What the task asks -
Your output should be everything below from the line containing "polynucleotides under eyes before and after" down to the line containing "iRestore Laser Hair", both ends included, copied exactly, with pictures left out.

Given records -
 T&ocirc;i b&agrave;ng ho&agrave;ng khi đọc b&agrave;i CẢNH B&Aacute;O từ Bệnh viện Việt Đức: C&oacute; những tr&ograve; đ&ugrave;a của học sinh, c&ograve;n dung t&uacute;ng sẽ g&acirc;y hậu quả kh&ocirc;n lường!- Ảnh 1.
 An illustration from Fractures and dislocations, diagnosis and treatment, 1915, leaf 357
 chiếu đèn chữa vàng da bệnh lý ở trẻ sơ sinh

...

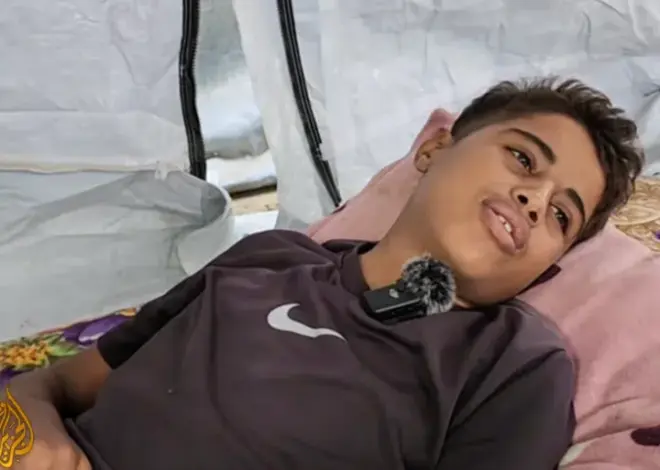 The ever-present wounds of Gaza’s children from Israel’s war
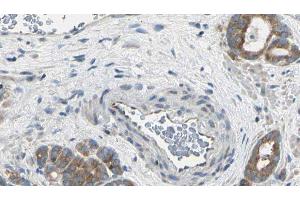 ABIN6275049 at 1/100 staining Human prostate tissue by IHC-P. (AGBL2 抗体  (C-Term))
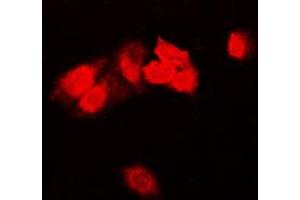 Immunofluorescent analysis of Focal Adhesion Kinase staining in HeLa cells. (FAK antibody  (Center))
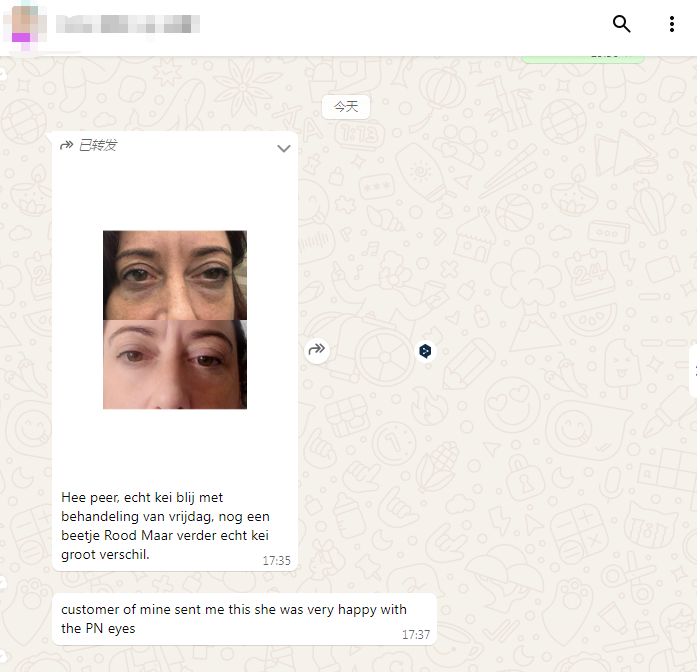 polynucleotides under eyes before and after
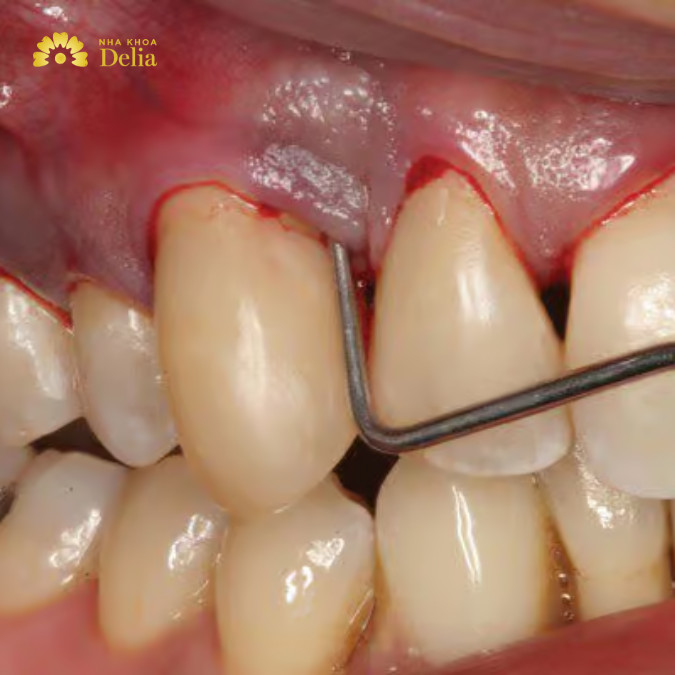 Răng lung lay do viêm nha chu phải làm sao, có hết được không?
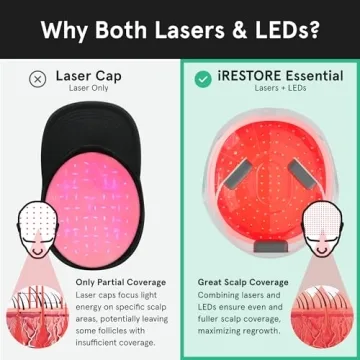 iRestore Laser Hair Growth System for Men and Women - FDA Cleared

Solution below -
 polynucleotides under eyes before and after
 Răng lung lay do viêm nha chu phải làm sao, có hết được không?
 iRestore Laser Hair Growth System for Men and Women - FDA Cleared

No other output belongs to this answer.